**Exercise**
Before repeating the entries below, strip out every picture and keep all else as it is.

**Given data**
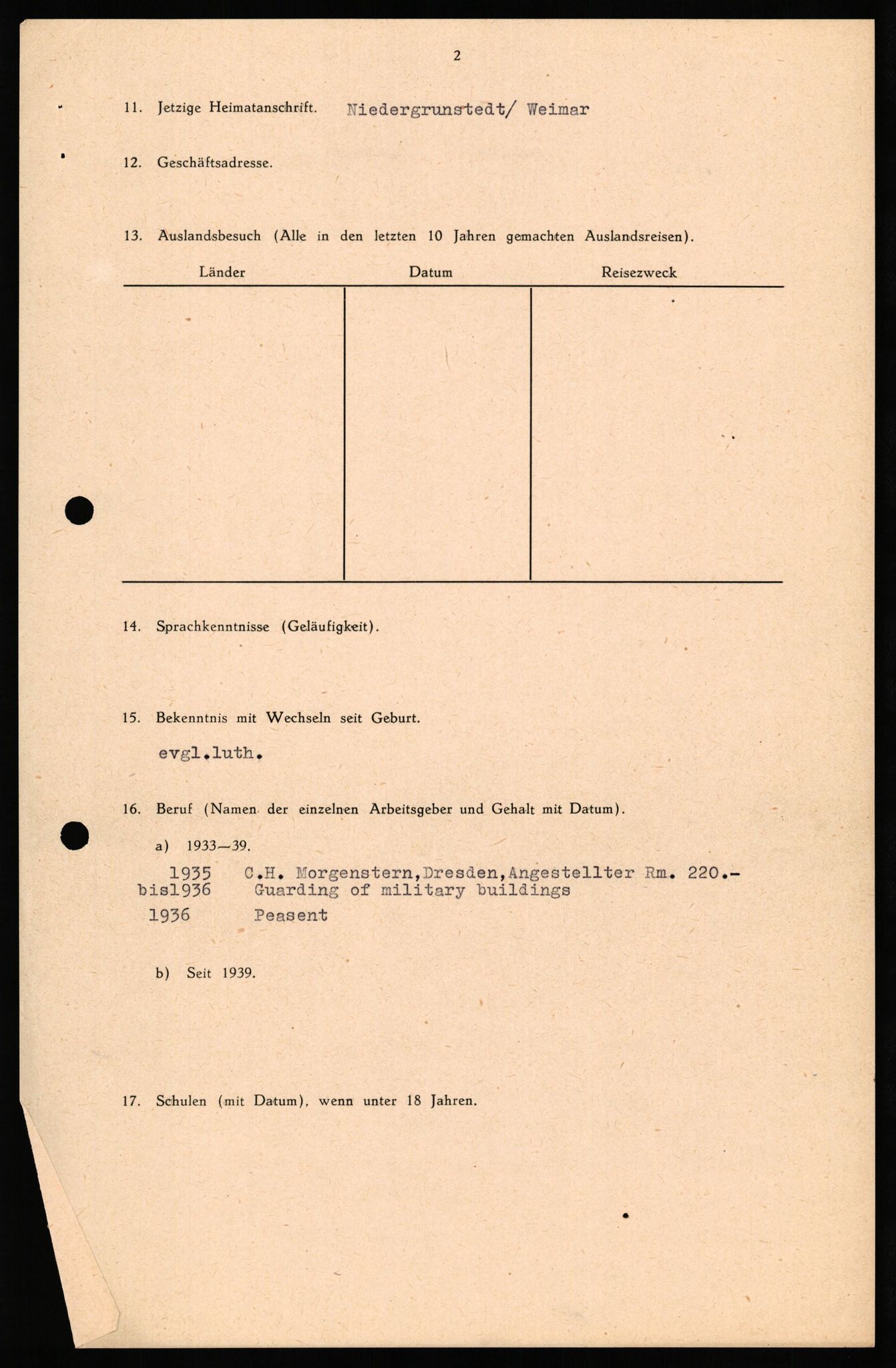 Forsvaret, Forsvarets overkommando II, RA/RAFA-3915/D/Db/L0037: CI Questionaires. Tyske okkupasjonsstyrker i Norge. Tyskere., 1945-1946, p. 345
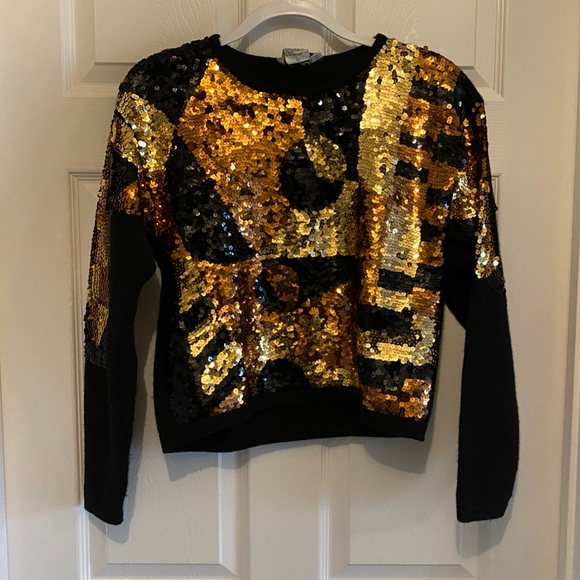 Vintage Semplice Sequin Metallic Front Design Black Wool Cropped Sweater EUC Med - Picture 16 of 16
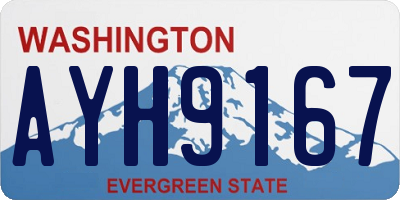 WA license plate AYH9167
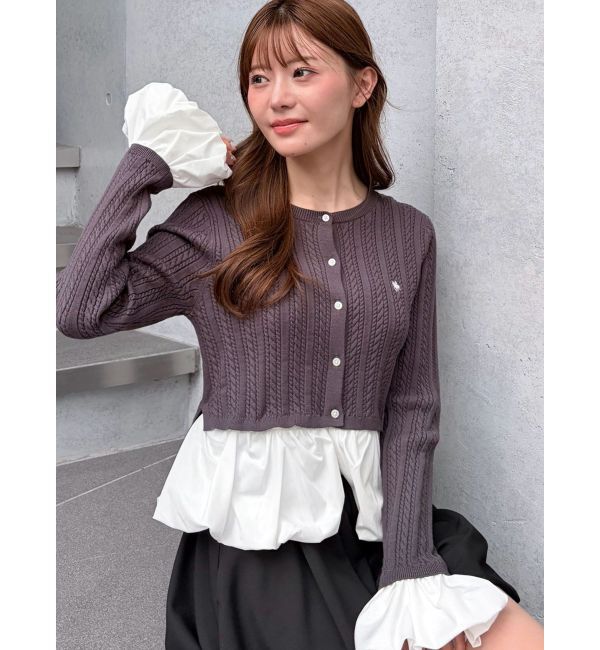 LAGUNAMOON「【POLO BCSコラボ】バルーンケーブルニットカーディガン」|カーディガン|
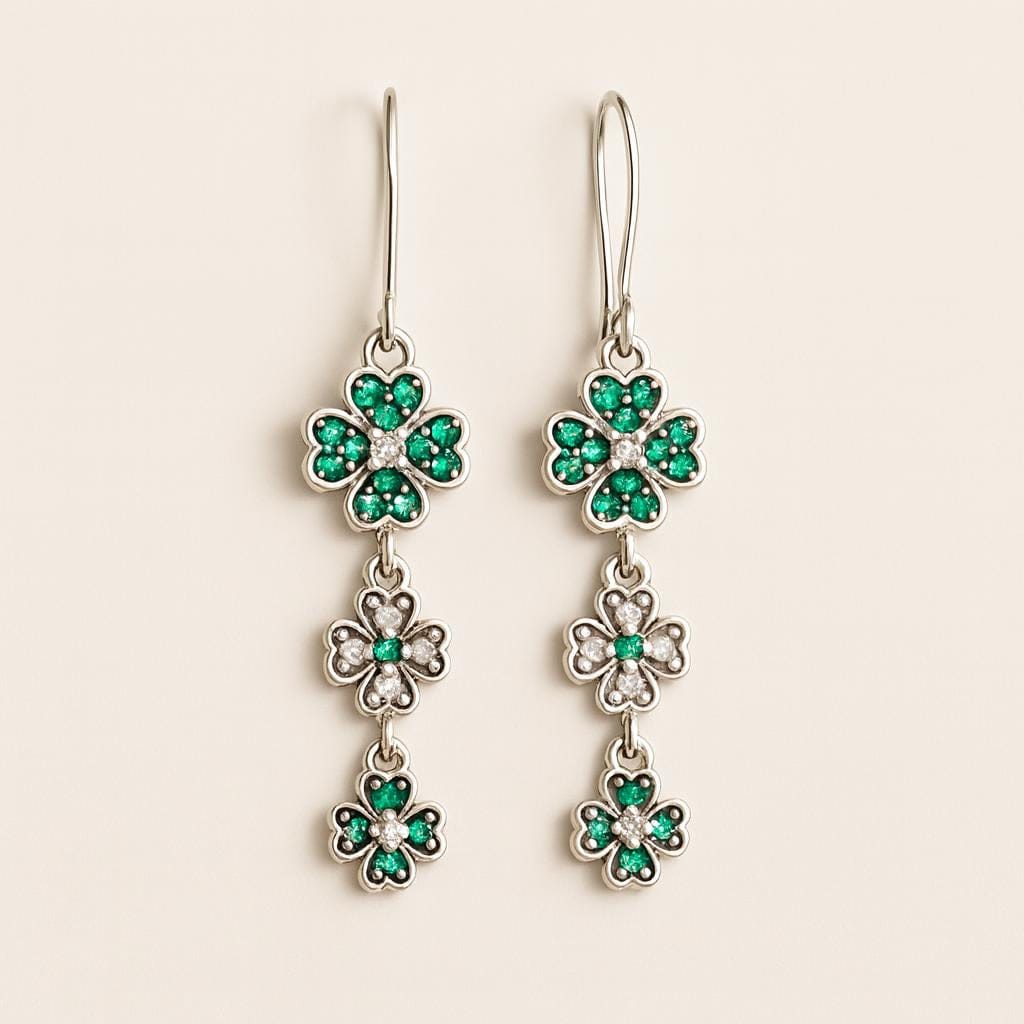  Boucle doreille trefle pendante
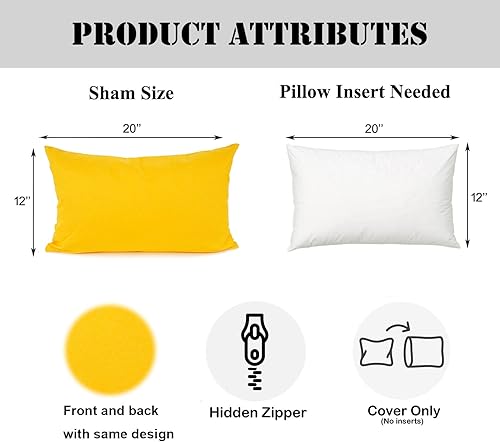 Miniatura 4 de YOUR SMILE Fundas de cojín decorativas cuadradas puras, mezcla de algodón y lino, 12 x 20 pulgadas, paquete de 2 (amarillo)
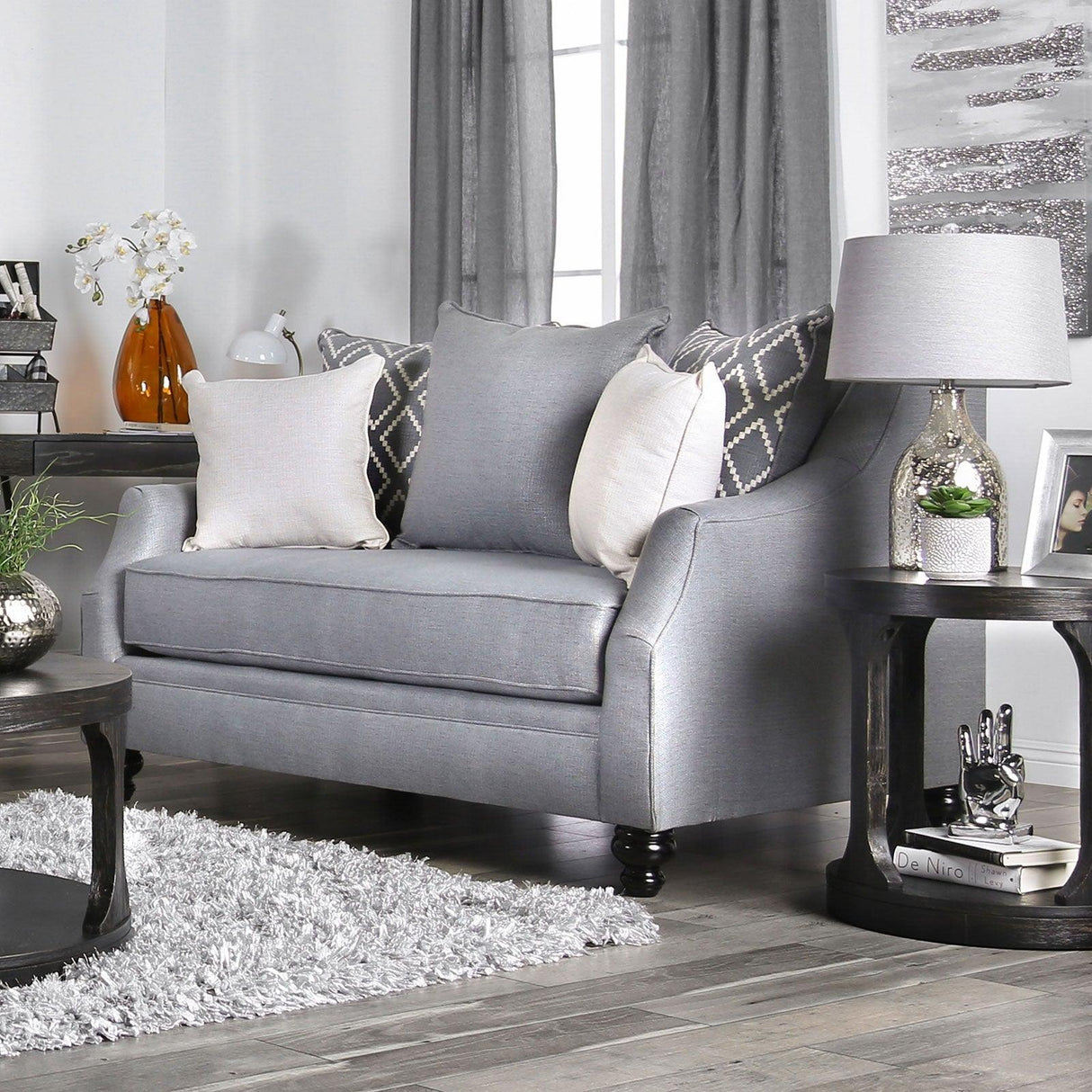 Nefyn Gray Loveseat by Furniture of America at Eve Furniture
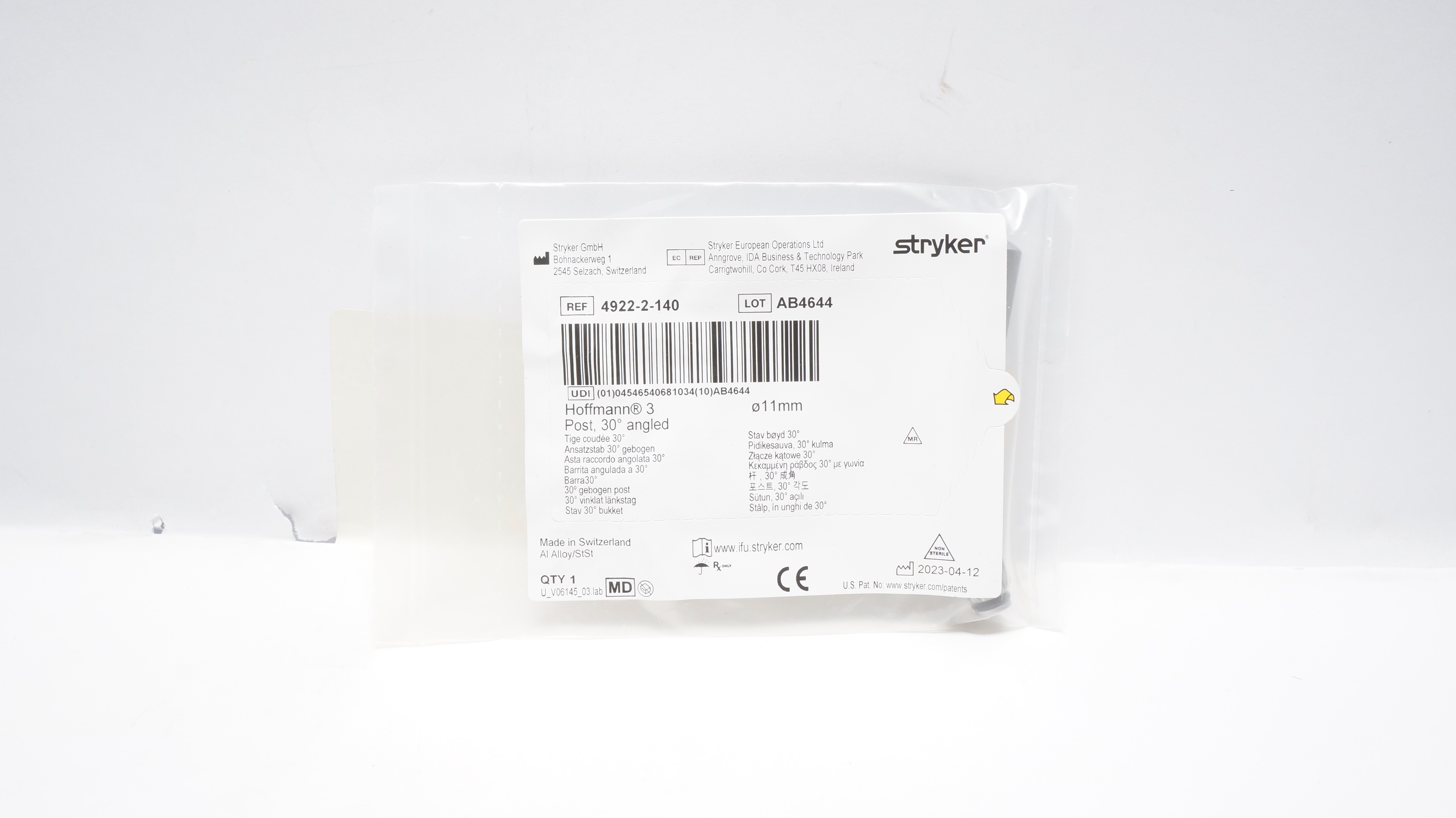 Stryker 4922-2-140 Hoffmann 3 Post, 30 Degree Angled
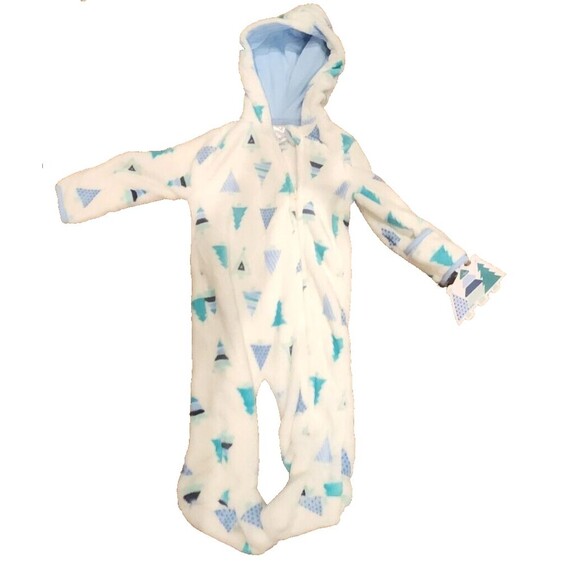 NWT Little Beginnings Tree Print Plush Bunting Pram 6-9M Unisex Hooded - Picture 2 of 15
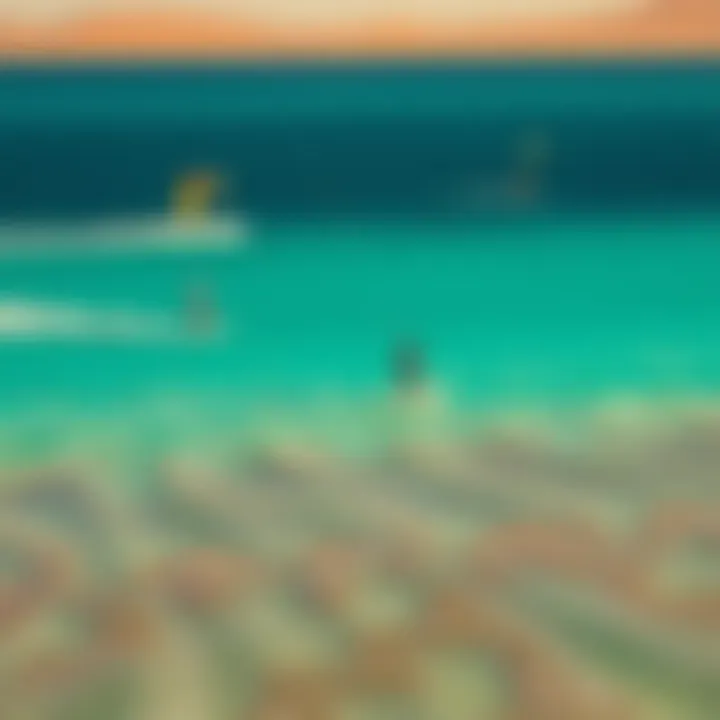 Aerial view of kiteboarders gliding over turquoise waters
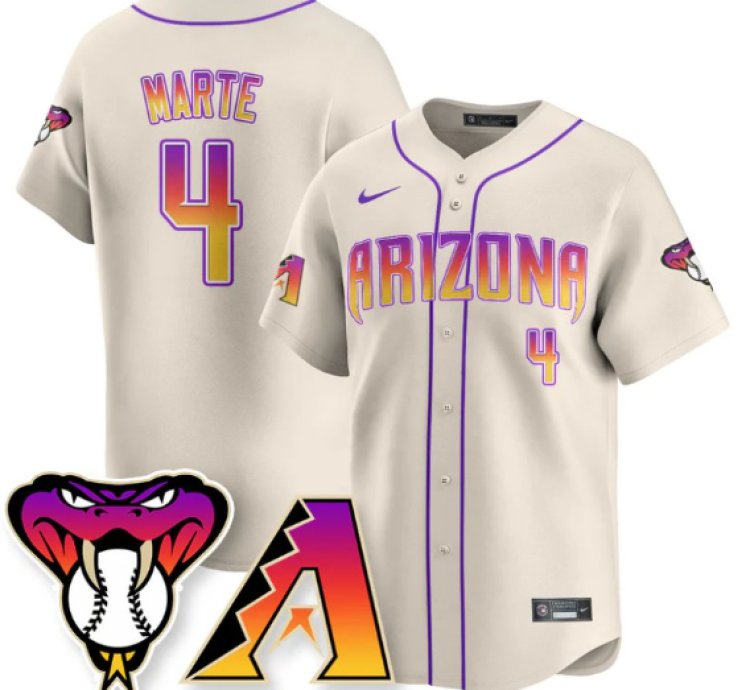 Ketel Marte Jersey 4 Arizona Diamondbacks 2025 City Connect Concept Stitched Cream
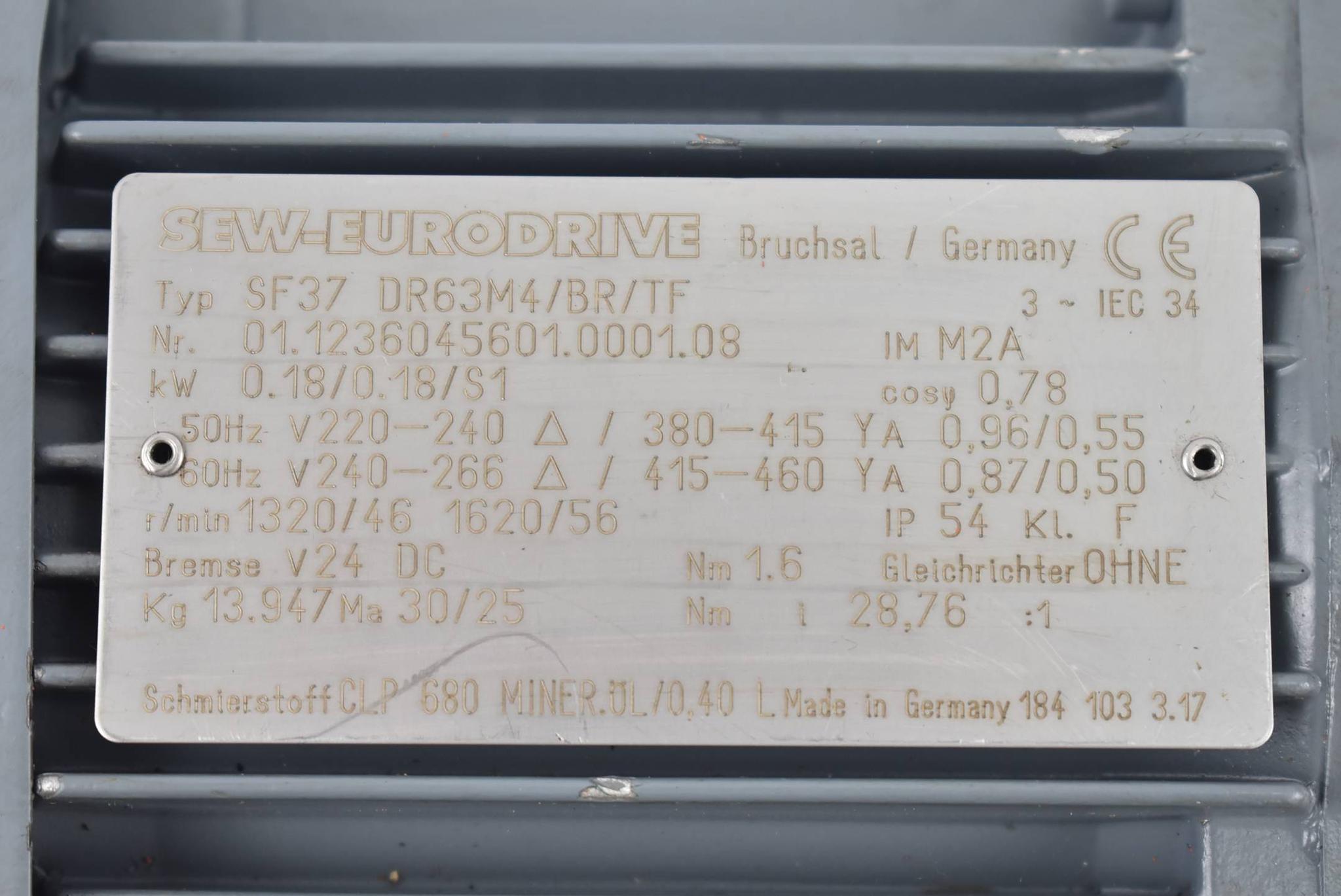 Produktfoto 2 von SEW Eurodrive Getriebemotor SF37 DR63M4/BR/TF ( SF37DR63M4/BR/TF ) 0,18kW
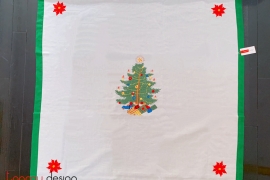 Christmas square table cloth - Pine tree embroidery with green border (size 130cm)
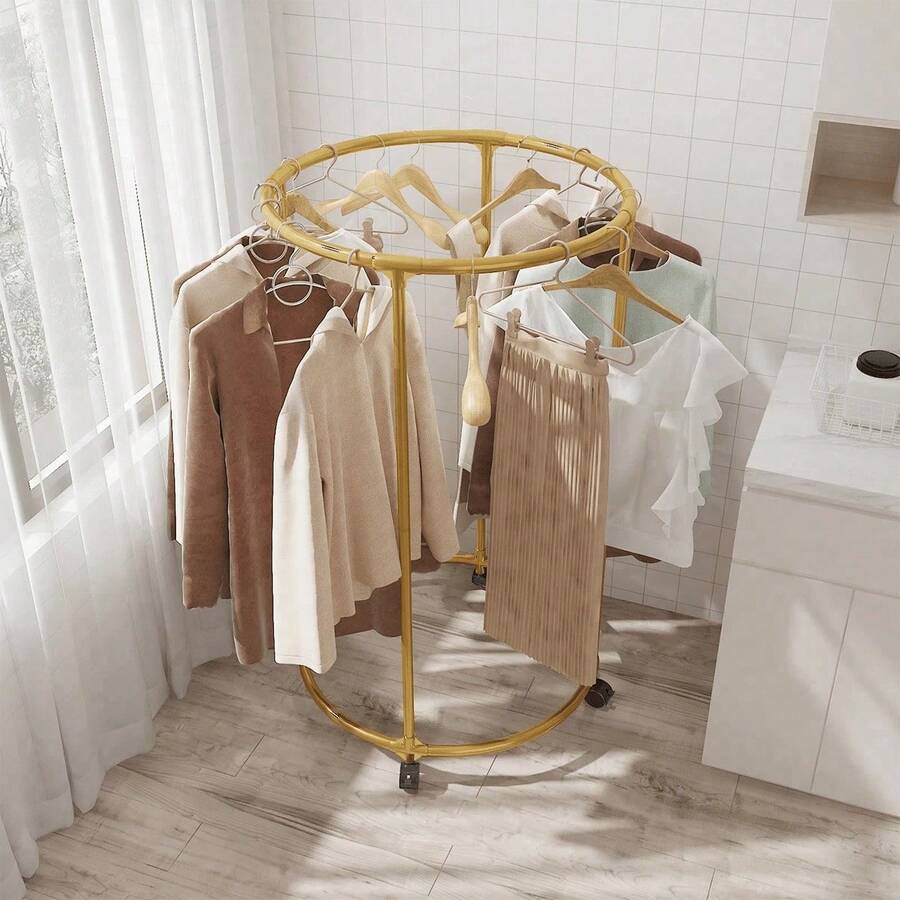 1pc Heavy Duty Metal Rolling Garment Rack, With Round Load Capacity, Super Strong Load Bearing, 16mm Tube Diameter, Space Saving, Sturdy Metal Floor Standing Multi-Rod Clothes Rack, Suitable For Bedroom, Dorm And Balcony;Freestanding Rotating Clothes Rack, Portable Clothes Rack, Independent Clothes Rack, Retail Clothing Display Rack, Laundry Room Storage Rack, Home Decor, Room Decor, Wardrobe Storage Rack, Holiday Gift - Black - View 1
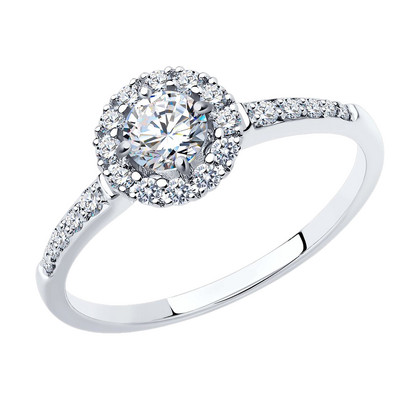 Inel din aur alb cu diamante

**Output below**
 Forsvaret, Forsvarets overkommando II, RA/RAFA-3915/D/Db/L0037: CI Questionaires. Tyske okkupasjonsstyrker i Norge. Tyskere., 1945-1946, p. 345
 Vintage Semplice Sequin Metallic Front Design Black Wool Cropped Sweater EUC Med - Picture 16 of 16
 WA license plate AYH9167
 LAGUNAMOON「【POLO BCSコラボ】バルーンケーブルニットカーディガン」|カーディガン|
  Boucle doreille trefle pendante
 Miniatura 4 de YOUR SMILE Fundas de cojín decorativas cuadradas puras, mezcla de algodón y lino, 12 x 20 pulgadas, paquete de 2 (amarillo)
 Nefyn Gray Loveseat by Furniture of America at Eve Furniture
 Stryker 4922-2-140 Hoffmann 3 Post, 30 Degree Angled
 NWT Little Beginnings Tree Print Plush Bunting Pram 6-9M Unisex Hooded - Picture 2 of 15
 Aerial view of kiteboarders gliding over turquoise waters
 Ketel Marte Jersey 4 Arizona Diamondbacks 2025 City Connect Concept Stitched Cream
 Produktfoto 2 von SEW Eurodrive Getriebemotor SF37 DR63M4/BR/TF ( SF37DR63M4/BR/TF ) 0,18kW
 Christmas square table cloth - Pine tree embroidery with green border (size 130cm)
 1pc Heavy Duty Metal Rolling Garment Rack, With Round Load Capacity, Super Strong Load Bearing, 16mm Tube Diameter, Space Saving, Sturdy Metal Floor Standing Multi-Rod Clothes Rack, Suitable For Bedroom, Dorm And Balcony;Freestanding Rotating Clothes Rack, Portable Clothes Rack, Independent Clothes Rack, Retail Clothing Display Rack, Laundry Room Storage Rack, Home Decor, Room Decor, Wardrobe Storage Rack, Holiday Gift - Black - View 1
 Inel din aur alb cu diamante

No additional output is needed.